This book was probably from the 70s or 80s. I read it from the library in the 90s. Every page was the same dollhouse view of one building at different times throughout the day with different things going on in each room. There was a french bakery on the ground floor with baguettes, the baker came in early to bake. There maybe was a clock saying what time it was on each page? It could have been a learning to tell time book. Either wordless, or minimal words. Illustrations were small in scale, I think done in pen and ink and watercolor or gouache. Similar to Roser Capdevila or Ljiljana Rylands. My mom thinks it was French-Canadian or French or from somewhere else in Europe. It was large in scale— maybe 11×13”.
I’m trying to find a book that I read in the late 70’s. It was a paperback book, probably a teen novel about a girl whose name was Katherine (I think). She goes into an antique store or an attic and sees a picture of herself which turns out to be a picture of her great great great Grandmother. She has a dream and goes back in time and lives her grandmother’s life in great detail, for years. It seems to be a life in the Middle Ages.
She suddenly wakes up from her dream and is told that she has only been asleep for about 15 minutes and that in fact, she had a seizure. During this very short seizure, she lives her ancestor's life.
I believe the cover of the book had a portrait of the girl from the Middle Ages in it.
Any help would be greatly appreciated. I loved this book and would be so happy to find it.
The book I’m looking for I read sometime in the late 90’s early 00’s, I got it from a local bookseller, possibly a rummage sale in Utah. It was about a teenager who was older than most in her tribe(?) and hadn’t yet gone through the rite of passage all women in the tribe go through, and so still wore the high collars of a child.

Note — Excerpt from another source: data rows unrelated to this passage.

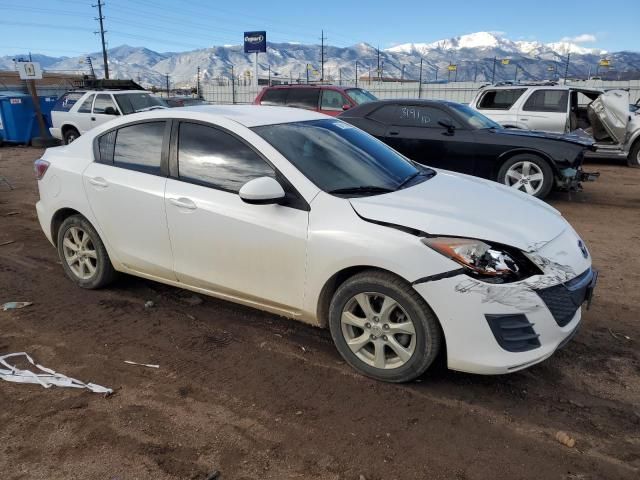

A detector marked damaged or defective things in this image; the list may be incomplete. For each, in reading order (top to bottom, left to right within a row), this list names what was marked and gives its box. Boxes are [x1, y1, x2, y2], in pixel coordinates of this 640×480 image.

broken headlight [422, 235, 544, 282]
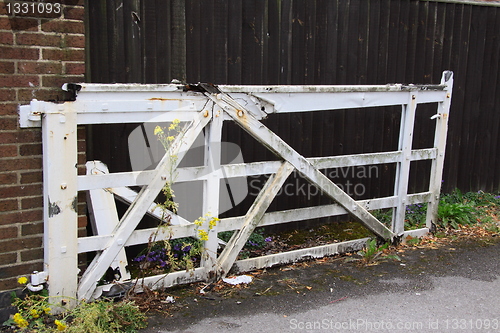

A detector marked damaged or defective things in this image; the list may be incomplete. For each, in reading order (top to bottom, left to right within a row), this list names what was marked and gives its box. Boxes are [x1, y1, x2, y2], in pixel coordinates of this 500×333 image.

broken gate [18, 71, 454, 304]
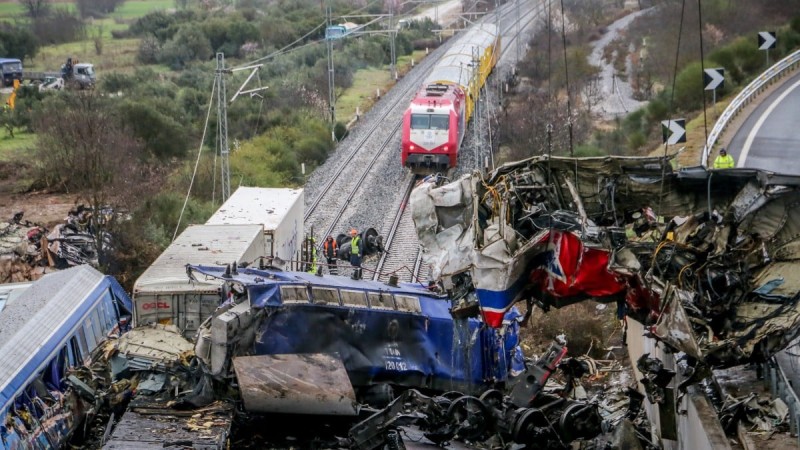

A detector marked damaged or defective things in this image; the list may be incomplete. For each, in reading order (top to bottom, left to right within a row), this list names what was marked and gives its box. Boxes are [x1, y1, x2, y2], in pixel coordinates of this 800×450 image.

torn metal panel [231, 356, 356, 414]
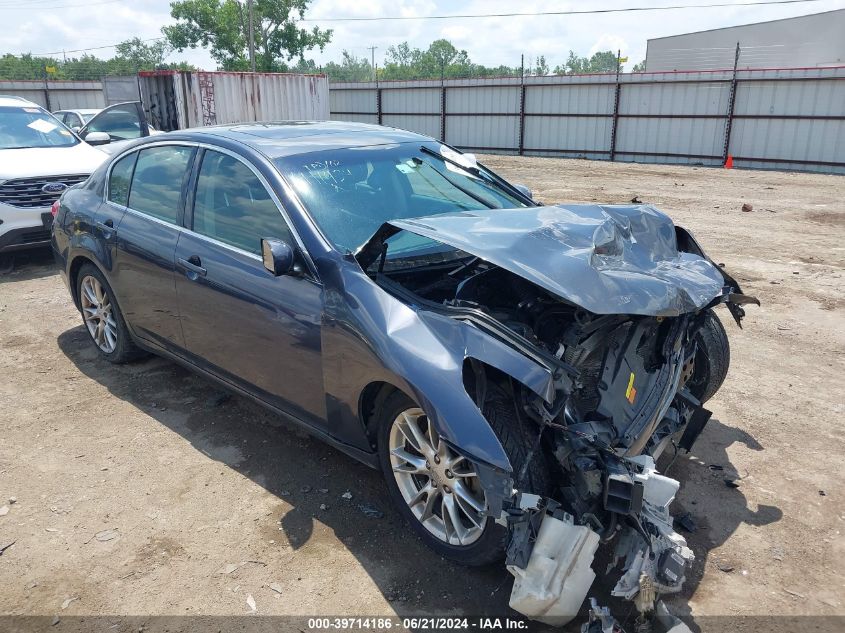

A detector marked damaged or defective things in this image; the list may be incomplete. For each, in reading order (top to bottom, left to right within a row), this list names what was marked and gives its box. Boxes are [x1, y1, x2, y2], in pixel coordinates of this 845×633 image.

crashed gray sedan [56, 121, 760, 624]
crumpled hood [390, 204, 724, 316]
destroyed front end [356, 204, 760, 628]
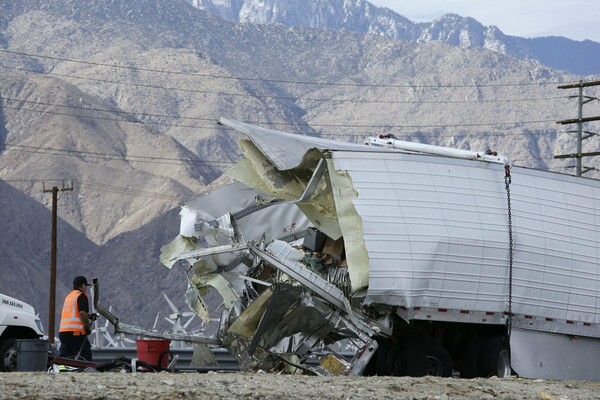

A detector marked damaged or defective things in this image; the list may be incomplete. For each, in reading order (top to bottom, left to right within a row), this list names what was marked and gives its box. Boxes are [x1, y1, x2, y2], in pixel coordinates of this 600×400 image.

crashed vehicle frame [96, 117, 596, 380]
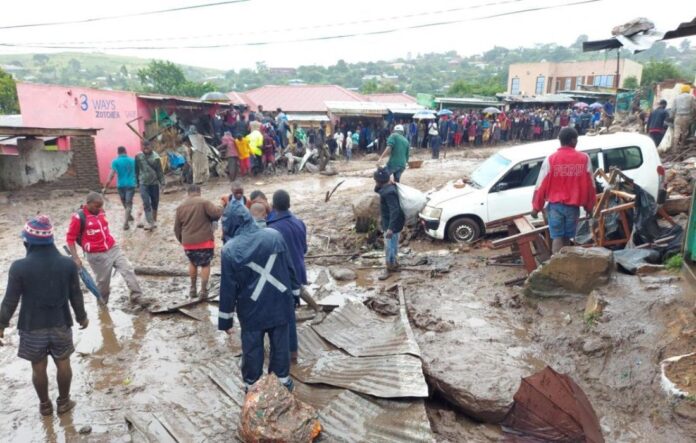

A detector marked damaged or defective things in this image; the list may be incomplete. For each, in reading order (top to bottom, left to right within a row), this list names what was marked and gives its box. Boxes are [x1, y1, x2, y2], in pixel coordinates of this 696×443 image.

broken furniture [486, 213, 552, 280]
rusty metal sheet [312, 294, 422, 358]
rusty metal sheet [290, 352, 426, 400]
rusty metal sheet [320, 392, 436, 443]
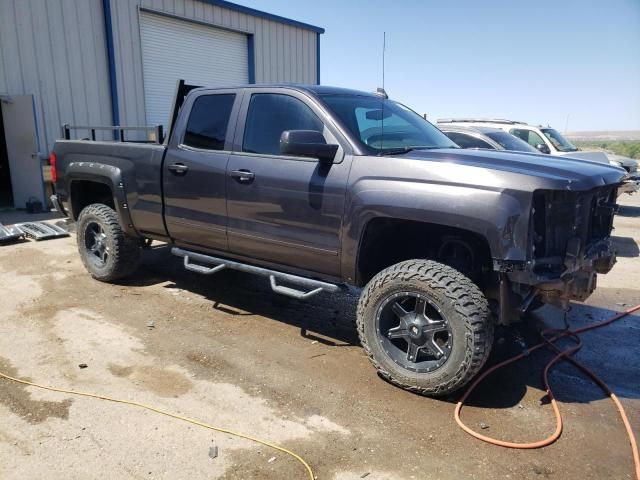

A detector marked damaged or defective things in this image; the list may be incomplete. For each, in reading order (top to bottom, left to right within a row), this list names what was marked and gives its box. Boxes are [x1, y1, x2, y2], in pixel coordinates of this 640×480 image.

damaged gray truck [51, 83, 624, 398]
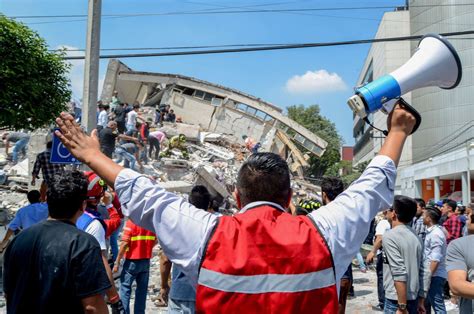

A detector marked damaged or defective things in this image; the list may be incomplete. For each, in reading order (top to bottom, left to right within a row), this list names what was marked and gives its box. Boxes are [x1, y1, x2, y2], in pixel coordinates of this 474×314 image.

damaged structure [102, 58, 328, 177]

Most women wore lower cut dresses to display the spiral stick-and-poke tattoos that showed they were considered women in the tribe. (I think the cover showed this?) She was scared of the rite, which involved a bear, and she’d had a failed try at it. Eventually she went to the woods to find her own bear and came back changed, she’d found something there but not a bear I think, more like a god? And something to do with her mother or lineage maybe.
I am looking for a book that I read in the 80’s about a girl trapped in a department store with jewel thieves. She has hid the jewels (I believe among costume jewelry) and the thieves are looking for her. She removes her shoes so she doesn’t make noise and at one point rolls herself up in carpet to hide. Can you help?
I read this story in English, I think in an anthology of short stories (I read a lot of those), sometime around the very end of the 90s or early 2000s. I’m pretty sure it was only a few pages long.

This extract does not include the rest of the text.